Non possiamo non parlare di chi questi vini li “crea”. Chi è il vostro enologo?
“Paolo Giacosa, in azienda dal 2007, è l’enologo che si occupa di tutte le nostre produzioni, uomo di grande competenza e soprattutto sensibilità. Non solo ha la conoscenza tecnica, ma anche un’inclinazione innata alla cura del dettaglio, che riesce sempre a trasferire in bottiglia. Uno dei complimenti più belli che gli è stato fatto da un degustatore di fama mondiale è che i vini di Enrico Serafino sono tutti diversi. Il segreto non è l’applicazione di una ricetta che funziona, ma l’essere curiosi e cercare di migliorarsi attraverso i piccoli cambiamenti, perché la differenza si fa sulle piccole cose e la qualità è figlia del dettaglio.”

enrico serafinoUna panoramica su numeri e mercati…
“Siamo un’azienda piccola, produciamo circa 350.000 bottiglie l’anno. Di queste, poco più di un terzo sono Alta Langa e il resto vini fermi. Il nostro fatturato è equamente diviso tra Italia e estero. Lo spumante ha un mercato principalmente domestico: per molti anni siamo andati in rottura di stock e non si poteva neanche immaginare di andare a vendere fuori un prodotto che non c’era. Sui mercati esteri siamo più forti con i vini fermi, il Barolo, il Barbaresco e il Gavi, un bianco con un ottimo potenziale di affinamento che consente di esprime al meglio la complessità del vigneto.”

Quanto è importante per voi la collezione storica?
“Crediamo molto sia nella collezione di vecchie annate, che nell’aspetto dei vini di riserva, che intervengono quando componiamo le cuvée o le liqueur per il dosaggio finale. È parte della nostra storia ed è anche un modo per testare l’evoluzione dei nostri vini. Le sorprese sono all’ordine del giorno, è molto bello aprire ad esempio venti annate di Zero, oppure un Barolo del ‘43 o del ’55. C’è curiosità nel vedere cosa è successo nel tempo e interrogarsi sulle differenze quando si va così indietro negli anni. Immaginiamoci cos’era il lavoro in vigna o in cantina nel 1940 rispetto a quello che può essere oggi, se pensiamo che con le stazioni meteo nei vigneti possiamo conoscere, stando seduti alla scrivania, l’esatta situazione di umidità, temperatura, bagnatura delle foglie. Così gli interventi sono estremamente mirati e si evitano i problemi del passato. Oggi siamo molto avvantaggiati da questo punto di vista, è il paradiso per chi fa il nostro lavoro.”

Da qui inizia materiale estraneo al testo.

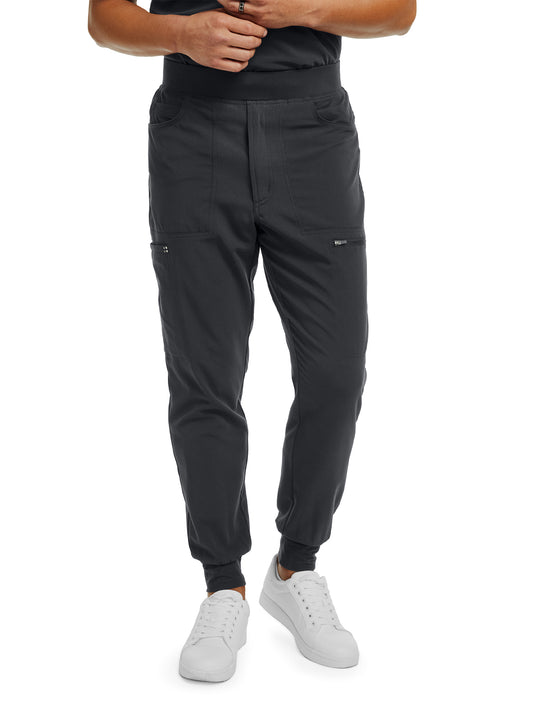 Men's Cargo Jogger Scrub Pant - WB417 - Pewter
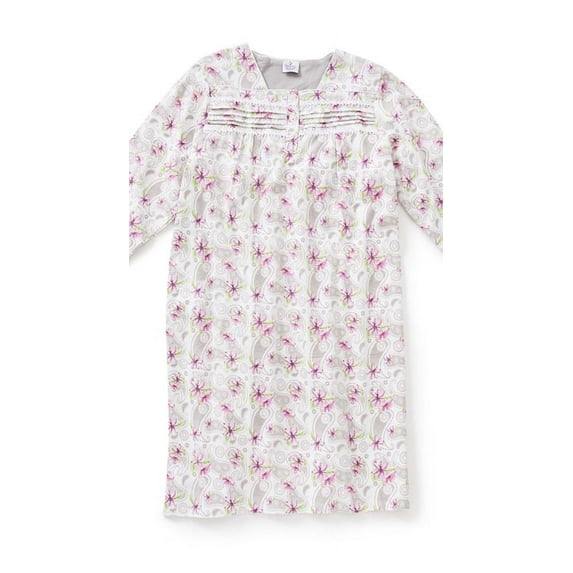 Silvert's Women Open Back Hospital Gown, XL, Floral Paisley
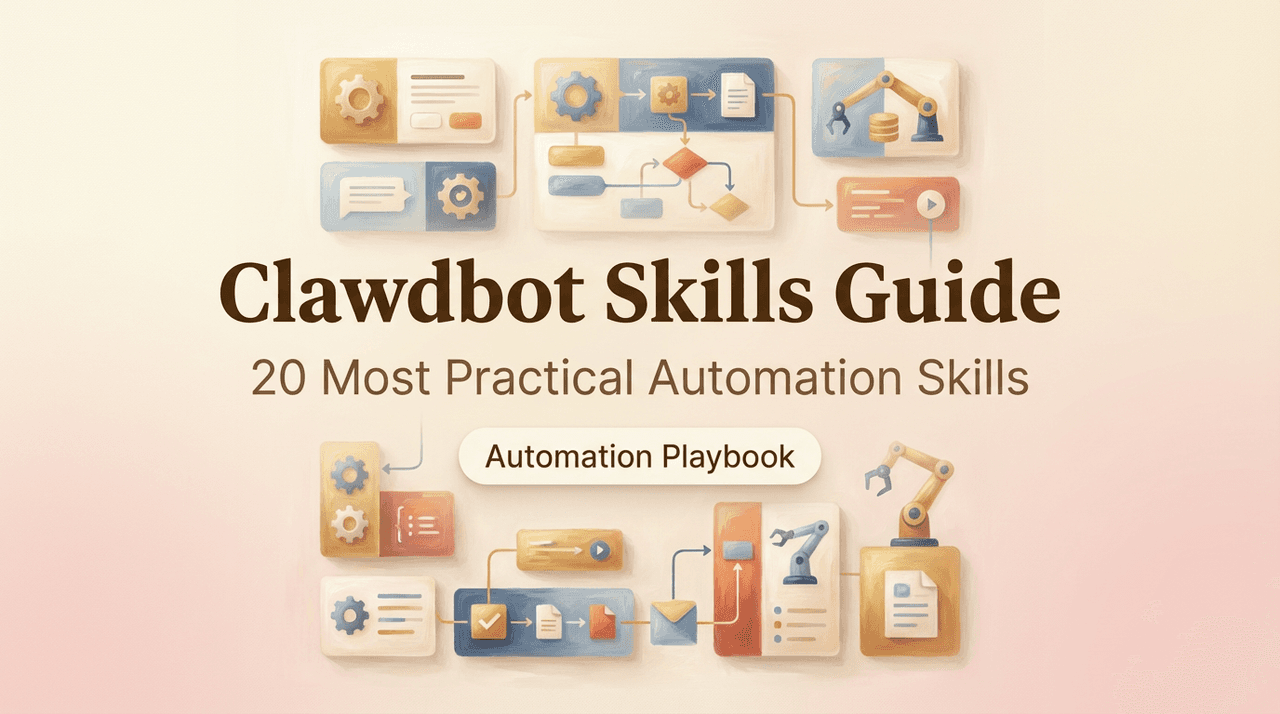 Clawdbot Skills Complete Guide: 20 Most Practical Automation Skills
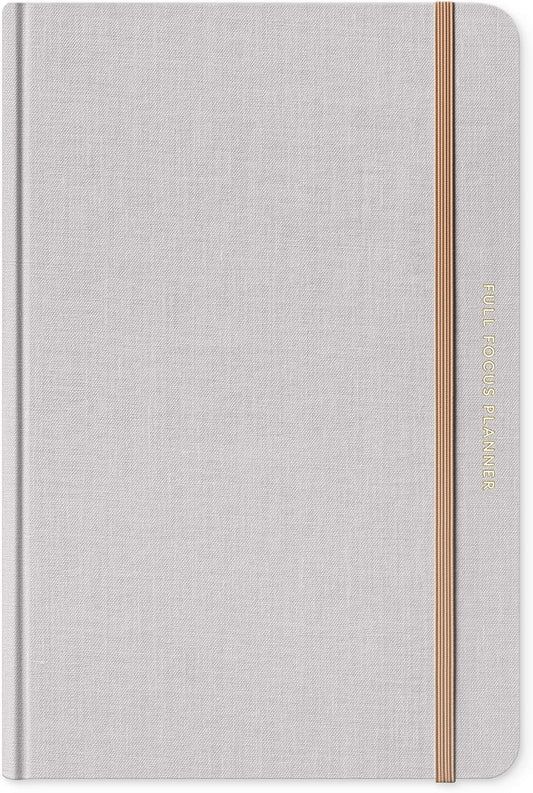 Full Focus Oatmeal Linen Planner by Michael Hyatt - The #1 Daily Planner to Set Annual Goals, Increase Focus, Eliminate Overwhelm, and Achieve Your Biggest Goals - Hardcover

Un pensiero in conclusione…
“Mi piacerebbe concludere con una considerazione sull’uva, che è la vera protagonista dell’intero processo. Non abbiamo una singola coclea in tutta la cantina, le uve sono trattate intere sui tavoli vibranti di cernita: è il nostro modo di rispettare ciò che è stato fatto a monte. Mettiamo grande cura e attenzione nel nostro lavoro e ci piace essere molto razionali, perché oggi abbiamo strumenti che ce lo consentono e li utilizziamo il più possibile.”